I'm assuming I need to buy 0.1 uF poly caps and 22uF electrolytic caps - one per amp board but what do I do with them?

I have the rev 3 boards and haven't implemented the zobel.

Sorry for not really understanding much about all this stuff yet.
 
Sorted. :)

Right, I have worked out where to put the 22uF caps - I unsoldered ground side end of R3 (681 ohm) and lifted it from the board a bit, popped the - of the cap in the hole and then soldered the free end of R3 to the + side of the cap.

Results...

DC offset is now 1.7, 0.5, 0.5, and 0.5 :D YAY!!!!

I did 1 ch first and had a listen for a bit, adding the cap has further smoothed the sound, there was a tiny touch of grittiness or edge on the channel without the cap compared to the channel with the cap, I didn't notice it before but when switching between l + R on the preamp it was obvious. It's certainly made an improvement to the sound without any negative side effects.
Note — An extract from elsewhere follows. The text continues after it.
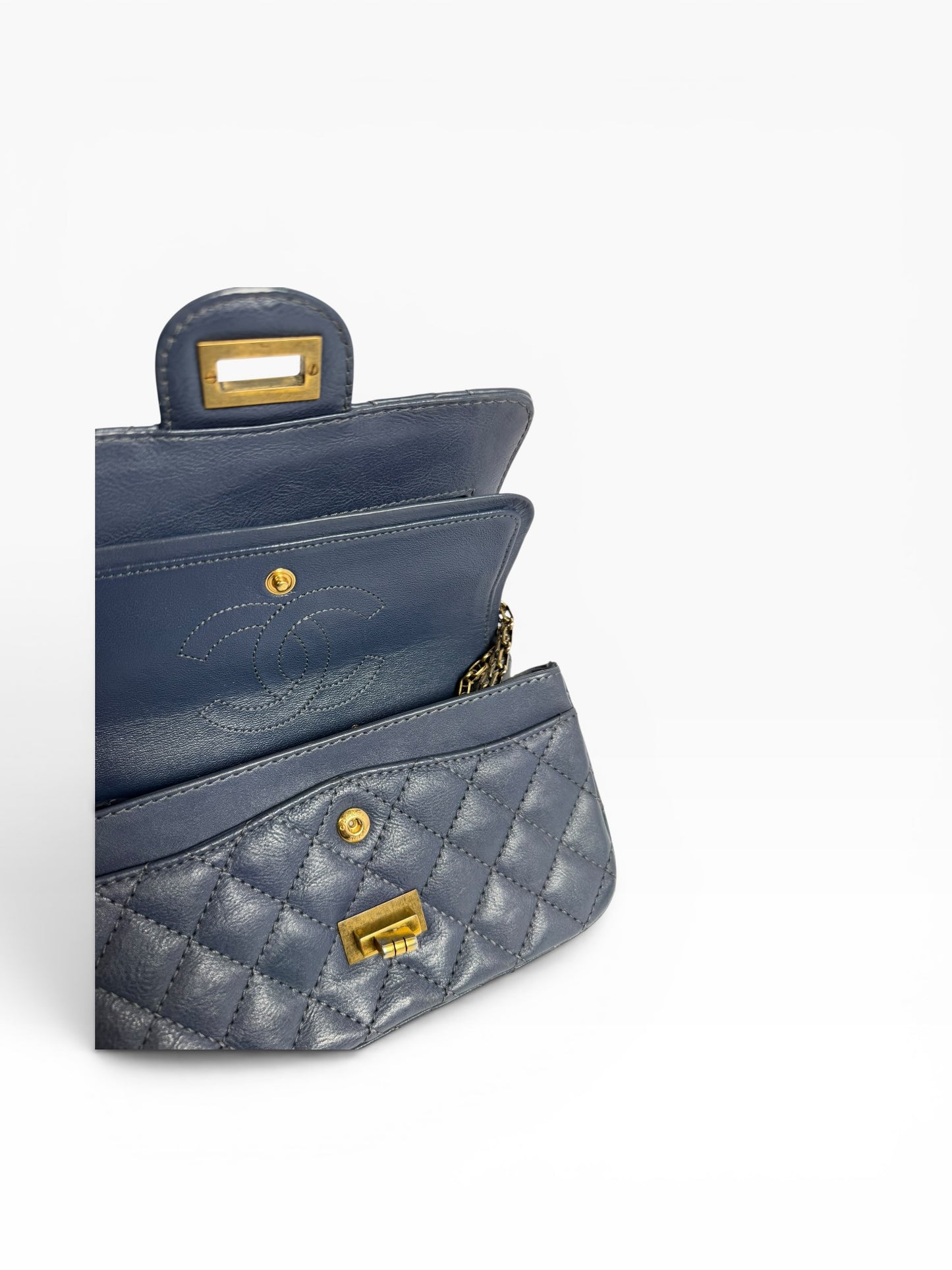 Chanel Reissue Mini Navy GHW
I'm assuming this is because the speakers have to work against the DC as it will slightly push the cones and offer more physical resistance in one direction of travel.

Many thanks for the info and help everyone. :)

I have also made the caps and snubber section of the carlosfm PSU (using a diagram!) from the decibel dungeon site (excellent BTW) and will add that between the PSU and amp boards next. :)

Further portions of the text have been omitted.